None of that will change for the 2023 model year. The value proposition will just be refined.
The 2023 Corolla should reach dealerships in the fall. Pricing isn’t out yet, but we expect it to increase from 2022’s $20,425 starting point. Corollas also require a $1,025 delivery fee.
It’s not time for a redesign – this Corolla has only been around for three years – but Toyota has given its compact car a slight visual update. The Corolla comes in sedan and hatchback forms, and they look more alike this year. They now share the same headlight design.
Hatchbacks get a reshaped rear bumper. So does the best-selling LE trim level of the sedan.
New Hybrids, Tighter Steering for Some
Speaking of the LE, it gets a power boost. The Corolla is available with a choice of two gasoline engines: a 1.8-liter 4-cylinder making 139 horsepower, and a more powerful 2.0-liter 4-cylinder making 169. The popular LE got the smaller engine in 2022. It gets the larger one for 2023, meaning only the base L carries the least-powerful mill.
Toyota has also reworked the continuously variable transmission (CVT) of gasoline models to provide a simulated first gear for quicker takeoff.
But the big changes come to the Corolla Hybrid lineup.
In 2022, the Corolla Hybrid came only in the LE trim level and only in front-wheel drive (FWD).
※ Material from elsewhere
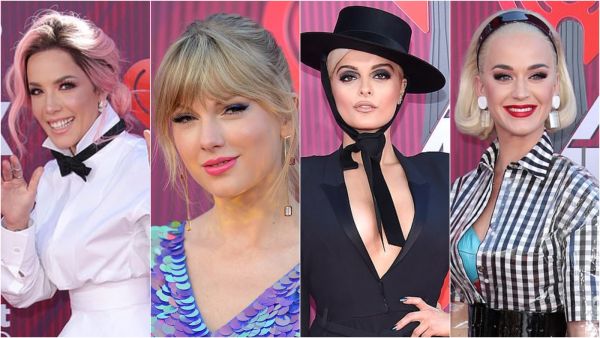 حفل iHeartRadio Awards 2019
But with Americans demanding more fuel-efficient cars, Toyota will offer us a greater choice of hybrid models.
2023 will see four hybrid trim levels – LE FWD, LE all-wheel-drive (AWD), SE FWD, SE AWD, and XLE.
SE models get a bit of sporty spirit. Toyota has dropped the sporty Apex model from the Corolla lineup (unnecessary with the much more capable GR Corolla carrying the lineup’s performance banner). But it’s tighter, more responsive steering rack isn’t gone. It’s now found in the SE Hybrid trims.
XLE, meanwhile, gets the full near-luxury equipment list.
Improved Safety, Entertainment
All Corollas get Toyota’s standard Safety Sense 3.0 driver assistance package. It includes automatic emergency braking with pedestrian detection, lane-departure warning, adaptive cruise control, traffic sign recognition, and automatic high-beam headlights. Buyers can add parking assistance and new adaptive headlights (recently permitted by federal law, their high beams don’t blind oncoming traffic).
The standard 8-inch infotainment screen can now receive over-the-air updates. That means Toyota can improve software on the fly, adding new features or saving drivers a trip to the dealer for recalls that can be fixed with software patches. Finally, the Corolla now gets Toyota’s natural language speech assistant. That lets drivers adjust climate controls, directions, and other settings with voice commands. You wake it up by saying, “Hey, Toyota.”